En una de esas tantas noches, fuimos y nos metimos a un table dance que entonces estaba de moda. Con la propiedad del trabajo que realizábamos, recorrimos el lugar hasta quedar en una posición de privilegio por todo lo que se alcanzaba a ver. El camerino al fondo, a su lado el DJ, pegada a la pared de enfrente la regadera, en medio, la pasarela y de este lado, a unos metros nuestros, la cantina. La penumbra producía un impacto visual interesante al convertir las siluetas de las chicas en figuras espectrales que danzaban sincopadas hasta quedar desnudas, para después meterse a la regadera rodeada por un biombo de cristal transparente y convertirse en un instante en la objetivación del deseo lúbrico masculino; en tanto, otras, montadas sobre las piernas de algunos hombres, maliciosamente sonrientes se dejaban querer, mientras los demás veíamos descender por el tubo acerado, la encarnación terrenal de la mismísima afrodita.

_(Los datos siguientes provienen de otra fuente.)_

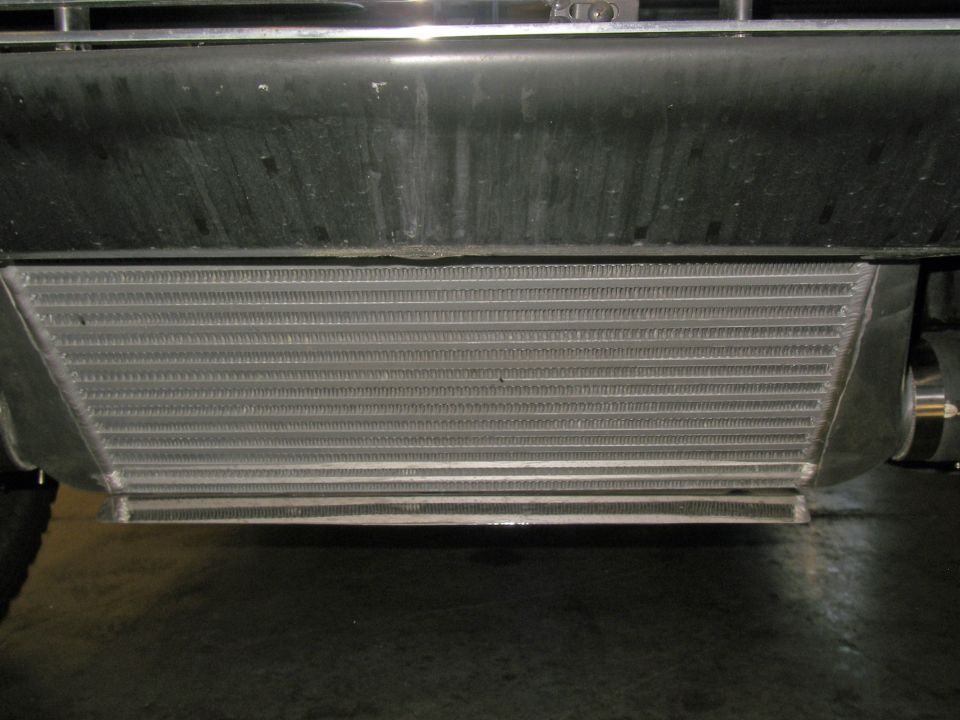 Intercooler mounted below a black bumper and chrome grille. Visible tire on the left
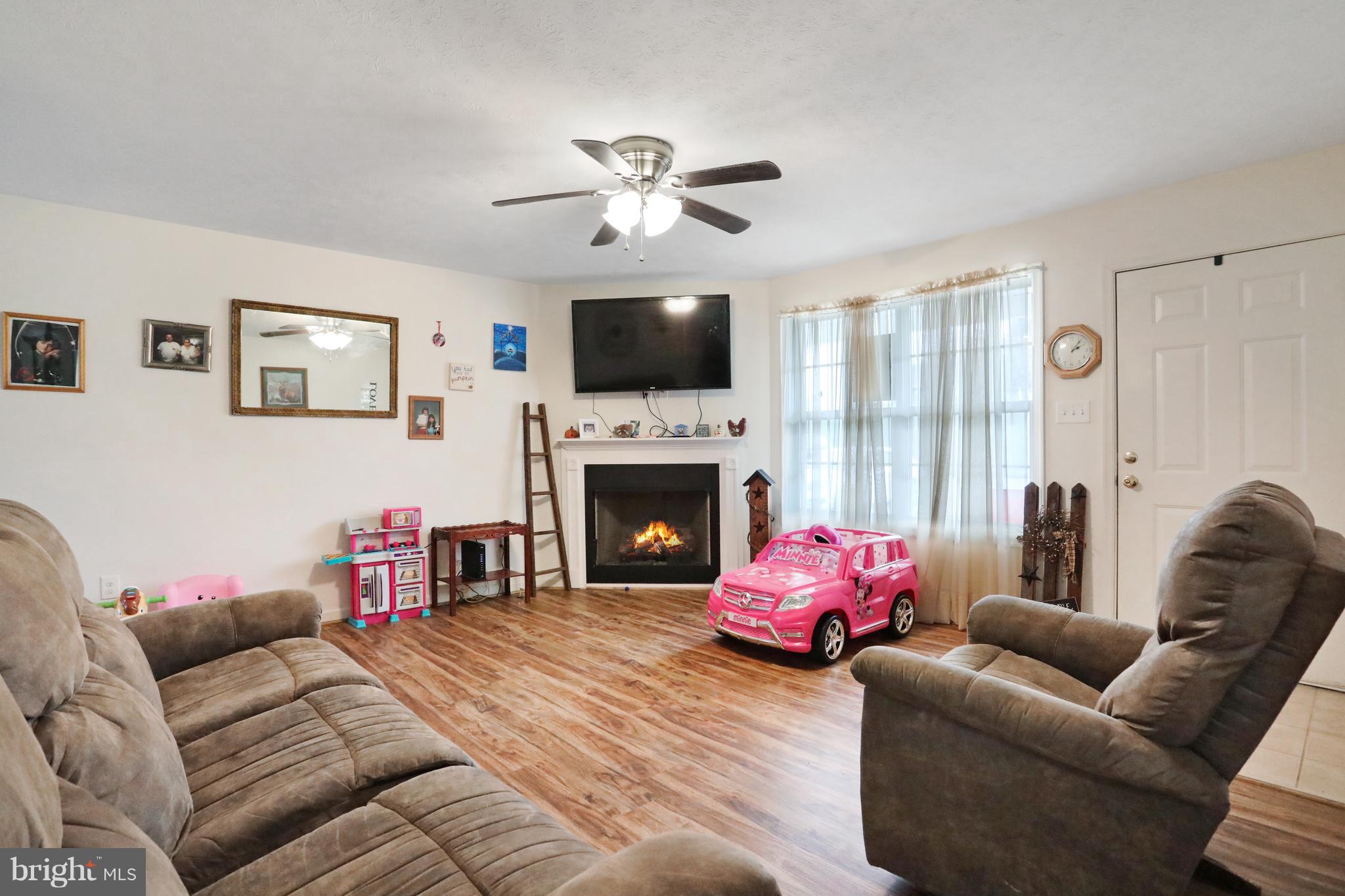 140 Raft Court Inwood, WV 25428 - Photo 5 of 34 a living room with furniture a flat screen tv and a fireplace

Fue en un instante, cuando descubrí al fondo la figura de una mujer de cabello negro largísimo que se acercaba a la pasarela. Subió con la mirada depositada en el vacío y con la tradicional sonrisa congelada de estas féminas. La seguí distraídamente hasta darme cuenta que -en su horizonte visual- tenía registro de nuestra presencia. Con la coquetería propia del momento, realizó algunas evoluciones en el tubo, para poco después, comenzar a despojarse de su diminuta falda. Siguió la blusa y así hasta quedar en tanga. Trepó al tubo para descender con giros lentos hasta posar su torso en el piso, se deslizó para alcanzar a quedar frente a donde nos encontrábamos. Con la cerveza escurriendo por la garganta, quise esbozar una sonrisa, pero mi condición de observador académico, no dio tiempo, pues para cuando quise, ya estaba de pie danzando rítmicamente hasta que de la nada, sacó un movimiento que la despojó de su último trapo. Los aplausos no se hicieron esperar, mientras ella agradecía a la concurrencia para que antes de bajar, dedicará una última mirada hacia el rincón donde nos encontrábamos. Incluso pasó a un lado, sonrió, no sin dejar escapar una mirada esquiva.

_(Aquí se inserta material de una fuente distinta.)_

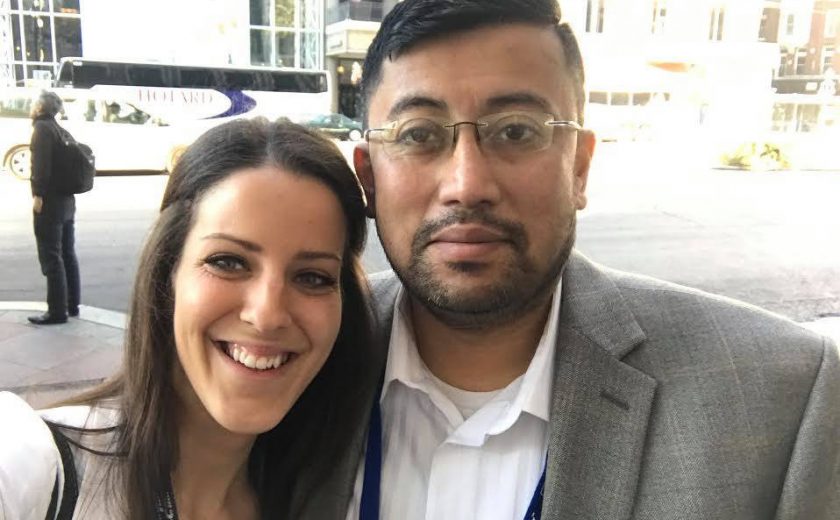 2017 Spring Conference & Trade Show, a man and a woman taking a selfie outside with a building with a lot of windows in the background, both wearing white shirts, man wearing a grey blazer and glasses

Estaba tratando de registrar aquello, cuando de pronto sentí que unas garras me tomaban del hombro. Volteé sorprendido, mientras un tipo de aliento a cigarro, me pedía que lo acompañara. El jalón que me dio fue suficiente para entender que aquello iba en serio. Me puse de pie y a empujones fui acompañado a la salida. Lo que alcancé a escuchar, fue que allí se iba a divertir, a respetar el trabajo de las bailarinas, no a tomar notas de lo que allí sucedía. Que había privacidad pese al tipo de espectáculo. Que una de las chicas había estado observando y reconoció un comportamiento extraño en nosotros. Sonreí para mis adentros tras comprender que el observador, realmente había sido observado desde la agudeza de quien conoce de su oficio, pero sobre todo, quien sabe leer en las miradas y actitudes, la extrañeza de las circunstancias. El último empujón quiso ser amigable con un: ¿de qué se trata tu trabajo? No respondí, solo atiné a dar las gracias. Otra noche había terminado antes de lo esperado.